Bo Burnham

YouTube darlings come and go, but Bo Burnham looks to be a new breed of homegrown star—the kind that sticks around. Back in 2006, a teenage Burnham wrote a few satirical songs inspired by his awkward years—“High School Party” chronicles the popular blowouts he wasn’t invited to, and “The Perfect Woman” explores an unrequited love for Helen Keller. He videotaped himself playing them on guitar or piano, and uploaded the final products on YouTube, which was a relatively new phenomenon at the time. To this day, Burnham has racked up more than 35 million hits. Two years later, Comedy Central Records released his EP Bo Fo Sho, then followed it up with last month’s self-titled full-length debut, which includes a DVD of a live show and the original YouTube videos.

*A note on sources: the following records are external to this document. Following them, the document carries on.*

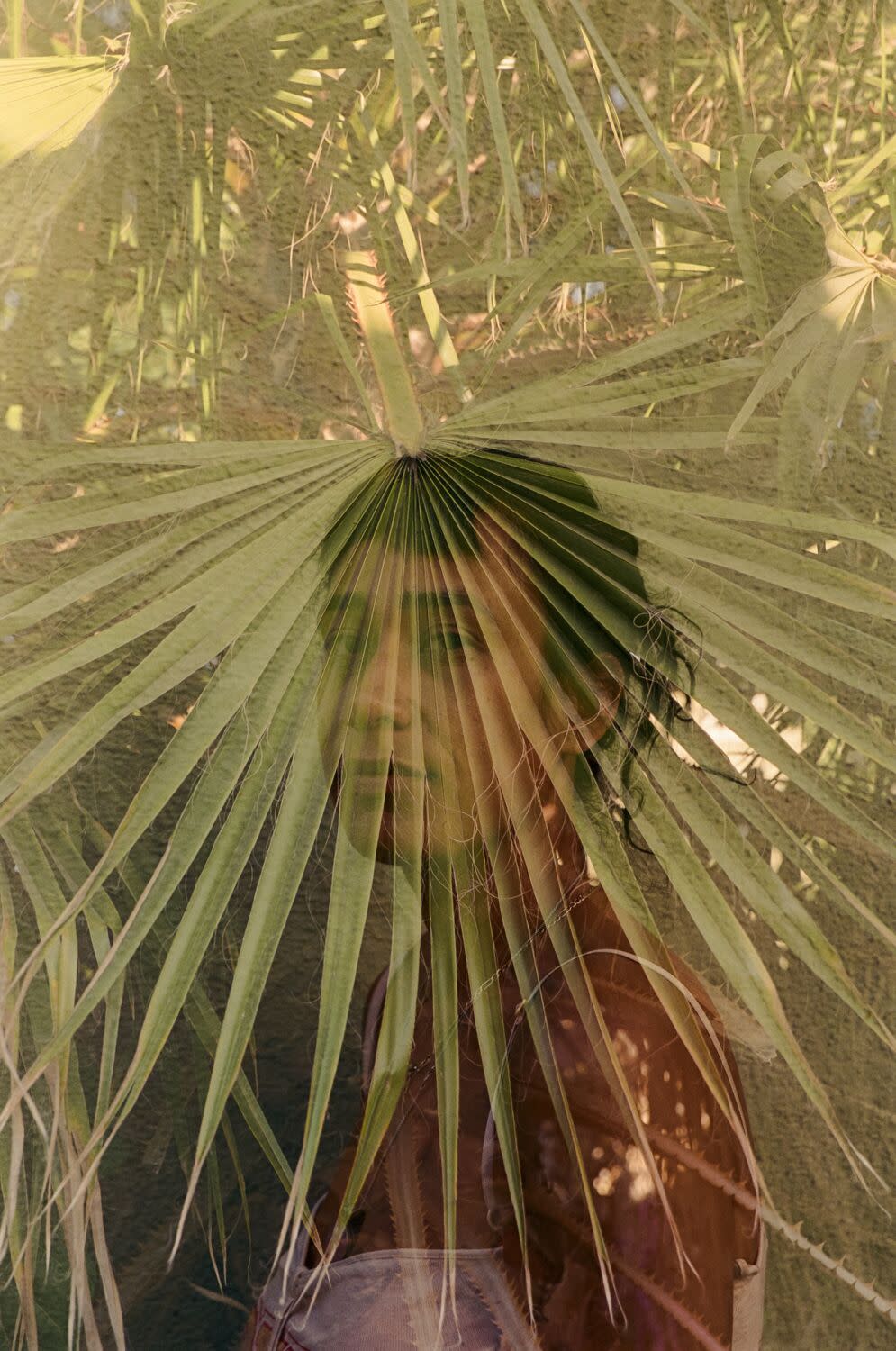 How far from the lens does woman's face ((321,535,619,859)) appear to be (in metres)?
0.52

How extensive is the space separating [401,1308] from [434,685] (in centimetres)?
32

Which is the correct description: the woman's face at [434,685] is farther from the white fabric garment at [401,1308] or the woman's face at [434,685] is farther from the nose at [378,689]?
the white fabric garment at [401,1308]

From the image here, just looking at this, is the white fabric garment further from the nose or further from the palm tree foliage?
the nose

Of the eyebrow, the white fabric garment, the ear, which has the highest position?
the eyebrow

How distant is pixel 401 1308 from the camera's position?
52cm

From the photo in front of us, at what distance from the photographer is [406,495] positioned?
0.53 metres

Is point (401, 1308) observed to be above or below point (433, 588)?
below

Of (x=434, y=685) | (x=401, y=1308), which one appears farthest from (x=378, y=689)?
(x=401, y=1308)

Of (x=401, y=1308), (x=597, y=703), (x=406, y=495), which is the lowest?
(x=401, y=1308)

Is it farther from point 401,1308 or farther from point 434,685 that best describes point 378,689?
point 401,1308

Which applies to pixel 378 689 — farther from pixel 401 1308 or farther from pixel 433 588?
pixel 401 1308

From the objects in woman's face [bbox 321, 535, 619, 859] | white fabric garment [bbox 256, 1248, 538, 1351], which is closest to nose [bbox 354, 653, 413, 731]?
woman's face [bbox 321, 535, 619, 859]

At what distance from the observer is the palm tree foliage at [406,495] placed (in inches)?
20.3

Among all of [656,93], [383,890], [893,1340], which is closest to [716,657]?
[383,890] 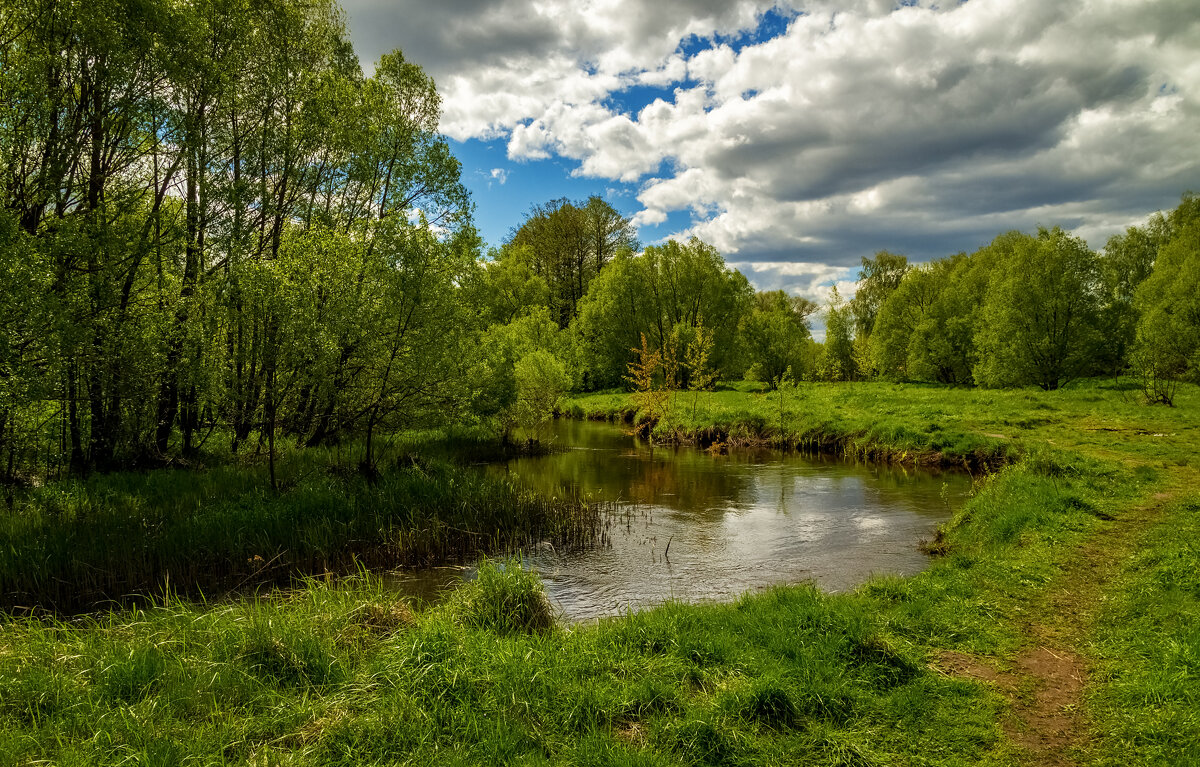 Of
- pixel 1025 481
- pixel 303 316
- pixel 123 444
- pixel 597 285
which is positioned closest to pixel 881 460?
pixel 1025 481

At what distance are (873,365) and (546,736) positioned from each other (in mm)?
54988

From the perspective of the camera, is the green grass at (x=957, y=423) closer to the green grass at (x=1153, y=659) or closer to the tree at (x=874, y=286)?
the green grass at (x=1153, y=659)

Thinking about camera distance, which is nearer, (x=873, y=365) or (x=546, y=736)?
(x=546, y=736)

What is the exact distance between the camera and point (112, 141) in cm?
1417

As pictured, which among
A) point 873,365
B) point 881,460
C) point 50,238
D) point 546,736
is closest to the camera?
point 546,736

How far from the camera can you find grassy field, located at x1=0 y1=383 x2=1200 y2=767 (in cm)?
489

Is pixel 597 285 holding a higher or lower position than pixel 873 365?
higher

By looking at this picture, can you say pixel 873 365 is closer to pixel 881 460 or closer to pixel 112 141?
pixel 881 460

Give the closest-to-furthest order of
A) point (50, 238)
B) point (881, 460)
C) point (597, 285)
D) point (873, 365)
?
point (50, 238) < point (881, 460) < point (873, 365) < point (597, 285)

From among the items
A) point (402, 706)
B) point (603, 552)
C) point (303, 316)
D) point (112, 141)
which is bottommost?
point (603, 552)

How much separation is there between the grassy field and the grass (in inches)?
61.1

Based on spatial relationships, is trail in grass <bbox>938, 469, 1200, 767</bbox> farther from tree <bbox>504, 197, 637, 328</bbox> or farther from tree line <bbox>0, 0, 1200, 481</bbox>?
tree <bbox>504, 197, 637, 328</bbox>

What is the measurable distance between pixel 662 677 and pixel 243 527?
987 cm

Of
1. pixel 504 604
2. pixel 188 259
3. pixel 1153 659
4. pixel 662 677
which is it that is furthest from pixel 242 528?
pixel 1153 659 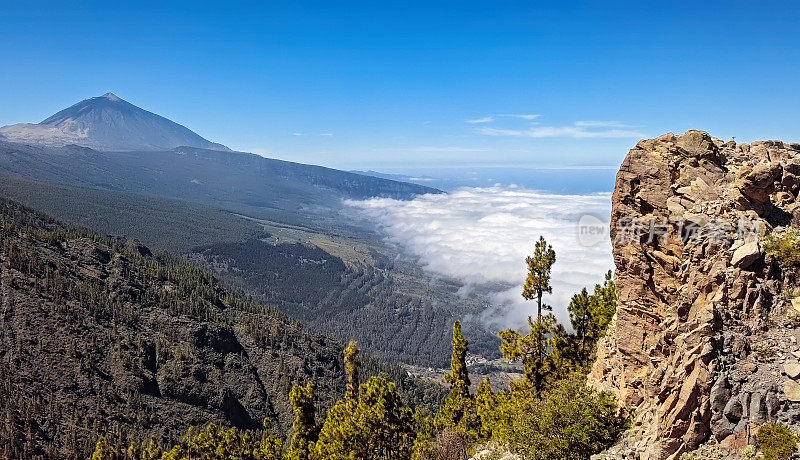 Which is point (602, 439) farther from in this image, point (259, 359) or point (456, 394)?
point (259, 359)

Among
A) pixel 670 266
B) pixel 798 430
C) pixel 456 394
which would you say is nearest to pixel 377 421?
pixel 456 394

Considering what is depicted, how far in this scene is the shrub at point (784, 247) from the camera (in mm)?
14950

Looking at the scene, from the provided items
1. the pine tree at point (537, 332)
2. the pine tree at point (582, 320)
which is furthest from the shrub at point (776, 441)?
the pine tree at point (582, 320)

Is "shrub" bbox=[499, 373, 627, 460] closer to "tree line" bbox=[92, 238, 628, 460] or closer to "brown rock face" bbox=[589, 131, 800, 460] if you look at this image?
"brown rock face" bbox=[589, 131, 800, 460]

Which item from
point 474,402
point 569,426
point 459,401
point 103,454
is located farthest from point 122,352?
point 569,426

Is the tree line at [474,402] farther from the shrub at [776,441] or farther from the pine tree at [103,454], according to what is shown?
the pine tree at [103,454]

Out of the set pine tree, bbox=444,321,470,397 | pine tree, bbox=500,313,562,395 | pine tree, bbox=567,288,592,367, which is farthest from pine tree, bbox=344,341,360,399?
pine tree, bbox=567,288,592,367

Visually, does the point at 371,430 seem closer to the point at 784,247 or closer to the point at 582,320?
the point at 582,320

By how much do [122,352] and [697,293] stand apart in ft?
425

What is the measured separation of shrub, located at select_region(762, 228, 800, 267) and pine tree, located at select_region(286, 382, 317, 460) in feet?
94.7

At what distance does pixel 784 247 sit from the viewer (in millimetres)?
15055

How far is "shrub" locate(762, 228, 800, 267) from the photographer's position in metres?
14.9

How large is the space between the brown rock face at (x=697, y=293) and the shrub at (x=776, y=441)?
1.57ft

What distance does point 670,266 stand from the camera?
59.0ft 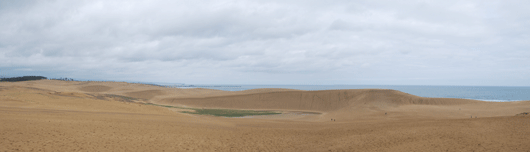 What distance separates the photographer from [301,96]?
45.0 meters

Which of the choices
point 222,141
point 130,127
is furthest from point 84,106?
point 222,141

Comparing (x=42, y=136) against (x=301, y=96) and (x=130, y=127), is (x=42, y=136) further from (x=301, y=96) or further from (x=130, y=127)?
(x=301, y=96)

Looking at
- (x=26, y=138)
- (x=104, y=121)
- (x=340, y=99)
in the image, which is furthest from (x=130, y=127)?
(x=340, y=99)

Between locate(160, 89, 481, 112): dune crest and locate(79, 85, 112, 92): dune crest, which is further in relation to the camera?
locate(79, 85, 112, 92): dune crest

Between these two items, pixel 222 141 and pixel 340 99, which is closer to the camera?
pixel 222 141

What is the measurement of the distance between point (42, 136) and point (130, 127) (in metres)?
3.90

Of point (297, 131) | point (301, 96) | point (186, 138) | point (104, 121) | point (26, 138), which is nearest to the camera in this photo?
point (26, 138)

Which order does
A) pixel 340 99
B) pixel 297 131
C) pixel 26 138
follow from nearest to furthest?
pixel 26 138
pixel 297 131
pixel 340 99

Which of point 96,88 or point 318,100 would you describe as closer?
point 318,100

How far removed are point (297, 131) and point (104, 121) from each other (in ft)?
35.5

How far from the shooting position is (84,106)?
75.1 ft

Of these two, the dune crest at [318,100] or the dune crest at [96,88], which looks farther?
the dune crest at [96,88]

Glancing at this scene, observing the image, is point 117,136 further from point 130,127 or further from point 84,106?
point 84,106

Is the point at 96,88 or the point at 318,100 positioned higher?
the point at 96,88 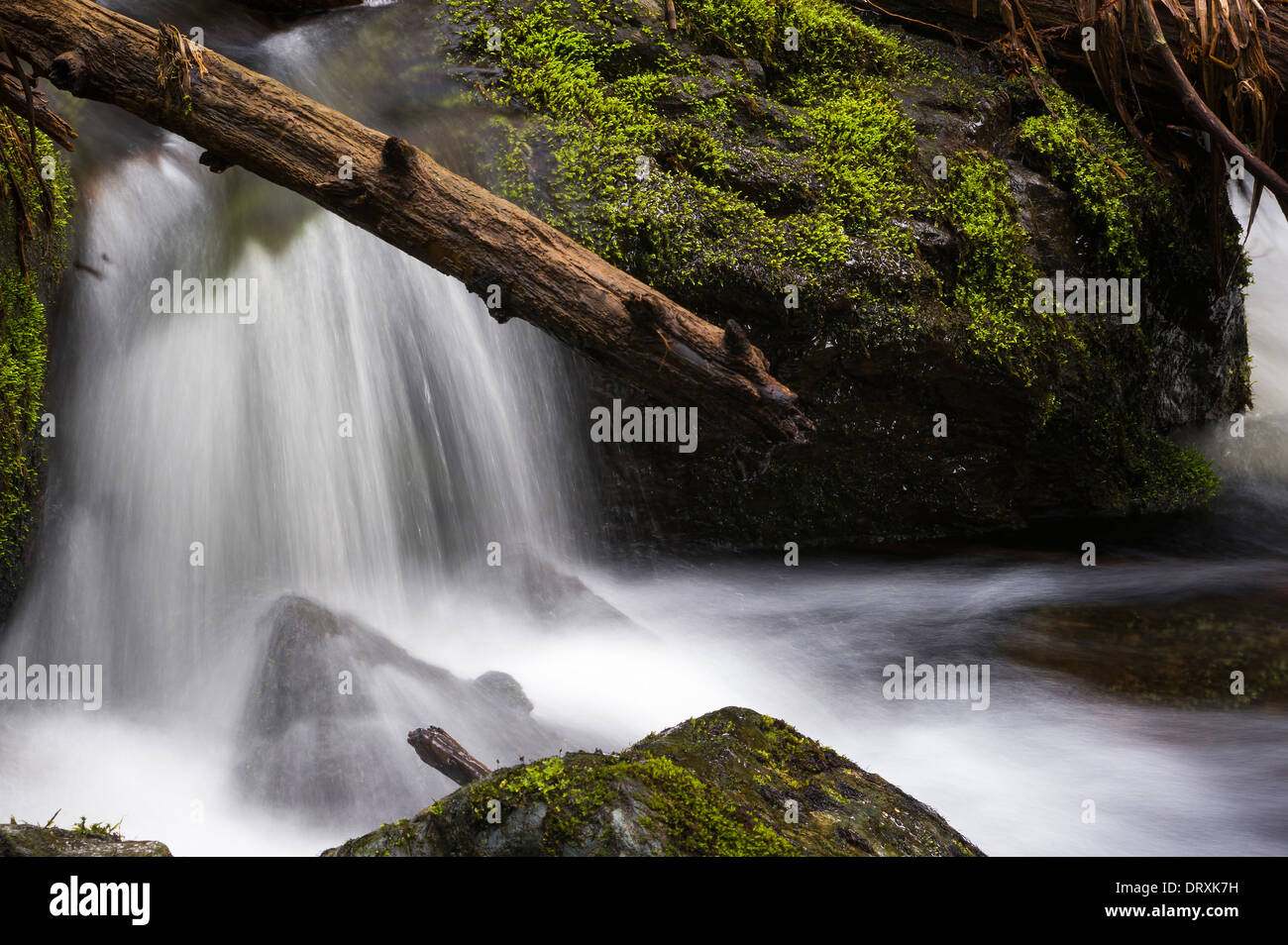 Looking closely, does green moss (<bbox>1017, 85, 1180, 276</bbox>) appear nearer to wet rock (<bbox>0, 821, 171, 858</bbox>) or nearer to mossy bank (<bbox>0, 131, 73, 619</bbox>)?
mossy bank (<bbox>0, 131, 73, 619</bbox>)

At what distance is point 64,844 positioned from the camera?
253 cm

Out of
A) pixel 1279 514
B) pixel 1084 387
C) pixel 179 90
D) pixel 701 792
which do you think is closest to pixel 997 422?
pixel 1084 387

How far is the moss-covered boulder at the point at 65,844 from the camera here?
97.0 inches

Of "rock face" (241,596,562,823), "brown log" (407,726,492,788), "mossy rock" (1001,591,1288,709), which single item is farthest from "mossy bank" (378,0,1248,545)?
"brown log" (407,726,492,788)

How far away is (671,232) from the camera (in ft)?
19.1

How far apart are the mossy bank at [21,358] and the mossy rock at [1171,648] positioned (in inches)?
214

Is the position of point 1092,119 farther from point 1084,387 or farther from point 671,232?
point 671,232

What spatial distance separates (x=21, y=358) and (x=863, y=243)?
15.8 feet

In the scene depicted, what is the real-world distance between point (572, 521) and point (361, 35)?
161 inches

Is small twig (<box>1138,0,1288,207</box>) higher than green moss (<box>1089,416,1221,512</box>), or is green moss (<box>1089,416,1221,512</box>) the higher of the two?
small twig (<box>1138,0,1288,207</box>)

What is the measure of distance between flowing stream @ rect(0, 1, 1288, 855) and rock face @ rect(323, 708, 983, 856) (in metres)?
1.24

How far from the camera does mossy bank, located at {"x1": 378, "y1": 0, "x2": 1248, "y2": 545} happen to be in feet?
19.7

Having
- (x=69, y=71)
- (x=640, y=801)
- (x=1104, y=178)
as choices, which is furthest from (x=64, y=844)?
(x=1104, y=178)

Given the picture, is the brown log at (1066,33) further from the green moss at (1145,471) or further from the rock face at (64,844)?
the rock face at (64,844) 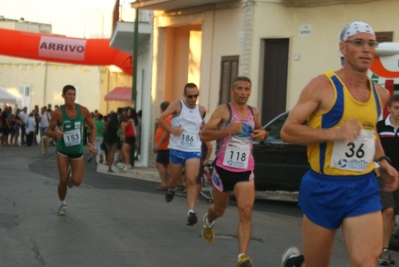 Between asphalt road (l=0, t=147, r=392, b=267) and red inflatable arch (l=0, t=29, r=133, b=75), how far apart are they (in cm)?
1659

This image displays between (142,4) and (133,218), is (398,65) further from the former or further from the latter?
(142,4)

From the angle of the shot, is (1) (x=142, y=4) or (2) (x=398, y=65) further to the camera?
(1) (x=142, y=4)

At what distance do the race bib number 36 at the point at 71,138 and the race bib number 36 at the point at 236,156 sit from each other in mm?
3698

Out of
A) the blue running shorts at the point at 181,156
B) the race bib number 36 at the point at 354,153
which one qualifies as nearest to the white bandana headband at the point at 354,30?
the race bib number 36 at the point at 354,153

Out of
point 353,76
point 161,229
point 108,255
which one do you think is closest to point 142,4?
point 161,229

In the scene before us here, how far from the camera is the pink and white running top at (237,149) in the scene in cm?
870

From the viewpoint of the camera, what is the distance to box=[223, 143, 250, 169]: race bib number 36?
28.5 ft

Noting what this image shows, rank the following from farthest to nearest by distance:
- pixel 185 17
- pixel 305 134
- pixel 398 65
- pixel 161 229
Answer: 1. pixel 185 17
2. pixel 398 65
3. pixel 161 229
4. pixel 305 134

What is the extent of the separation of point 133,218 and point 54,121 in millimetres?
1786

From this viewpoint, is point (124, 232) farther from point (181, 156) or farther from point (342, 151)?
point (342, 151)

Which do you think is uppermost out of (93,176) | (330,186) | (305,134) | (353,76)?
(353,76)

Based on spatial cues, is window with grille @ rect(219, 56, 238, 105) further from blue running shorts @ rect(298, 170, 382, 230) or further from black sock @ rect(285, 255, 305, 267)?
blue running shorts @ rect(298, 170, 382, 230)

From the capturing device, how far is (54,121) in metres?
12.0

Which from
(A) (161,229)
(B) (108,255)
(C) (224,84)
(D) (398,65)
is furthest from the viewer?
(C) (224,84) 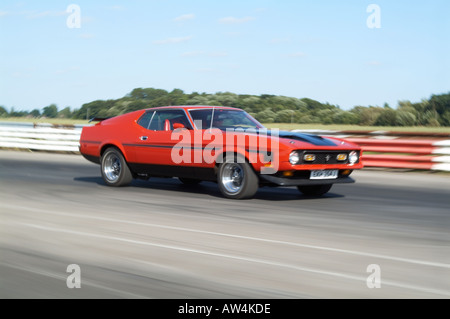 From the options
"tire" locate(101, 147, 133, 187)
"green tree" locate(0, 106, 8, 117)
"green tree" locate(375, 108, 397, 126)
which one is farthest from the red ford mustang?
"green tree" locate(0, 106, 8, 117)

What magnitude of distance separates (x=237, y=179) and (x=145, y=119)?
221 centimetres

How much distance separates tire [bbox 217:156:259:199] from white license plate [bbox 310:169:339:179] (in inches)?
31.6

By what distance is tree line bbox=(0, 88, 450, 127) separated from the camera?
20344mm

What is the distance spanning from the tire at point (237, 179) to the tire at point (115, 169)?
2.13 metres

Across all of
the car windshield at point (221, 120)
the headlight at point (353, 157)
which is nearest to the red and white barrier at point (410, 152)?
the headlight at point (353, 157)

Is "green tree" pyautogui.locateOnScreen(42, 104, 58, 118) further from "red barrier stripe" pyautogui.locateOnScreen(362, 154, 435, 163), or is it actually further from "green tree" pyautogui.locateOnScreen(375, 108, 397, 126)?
"red barrier stripe" pyautogui.locateOnScreen(362, 154, 435, 163)

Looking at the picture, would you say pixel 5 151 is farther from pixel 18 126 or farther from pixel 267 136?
pixel 267 136

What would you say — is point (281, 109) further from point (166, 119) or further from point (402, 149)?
point (166, 119)

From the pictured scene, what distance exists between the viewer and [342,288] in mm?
4047

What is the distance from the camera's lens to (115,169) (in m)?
10.2

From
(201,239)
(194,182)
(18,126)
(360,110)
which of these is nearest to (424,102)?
(360,110)

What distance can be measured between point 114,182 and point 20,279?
5847 mm

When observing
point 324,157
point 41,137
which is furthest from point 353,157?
point 41,137

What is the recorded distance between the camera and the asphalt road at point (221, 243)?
4082 millimetres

Its first track, the musical rap ditty “I’m Bo Yo,” perhaps best encapsulates everything there is to like about the 18-year-old comic: The song is catchy as hell, Burnham’s wordplay is on fine display, and he namechecks all sorts of pop-culture icons in an unabashedly sexual way. For example, one part sounds like, “I’m like Doug’s friend Skeeter whenever I meet her / Because I Skeeter so hard, they be callin’ her Patti Mayonnaise.” The A.V. Club called Burnham, one year into his whirlwind tour schedule, to discuss cyber-bullying, the appeal of rap, and what separates him from a dirty old man.
The A.V. Club: How did you first decide to upload your videos to YouTube?
Bo Burnham: I don’t know. I feel like I sort of tell a different story every time I’m asked this, because I don’t really remember. It wasn’t particularly important. I definitely didn’t put it up there as like, “This is my ticket out of this town!” I had written these songs, and I wanted to show them to my brother who’s in college. And at the time, YouTube was nothing, no one knew what it was. It was just like another outlet, and I didn’t think of it as a career move.
AVC: At the time, it was probably strange to broadcast so much of yourself to the world. Suddenly things weren’t personal anymore.
BB: I wasn’t afraid of it not being personal. I’m never too worried about that. If I craft the words, anything my videos say, I’m not worried about people thinking. I appreciate people that like my comedy and everything, but at the end of the day, if a thousand people on the Internet think I’m distasteful, those are a thousand faceless YouTube profiles I don’t really care about. Cyber-bullying is only terrible if you call it and think of it as cyber-bullying.
AVC: How much did the instant feedback of the Internet shape your songwriting?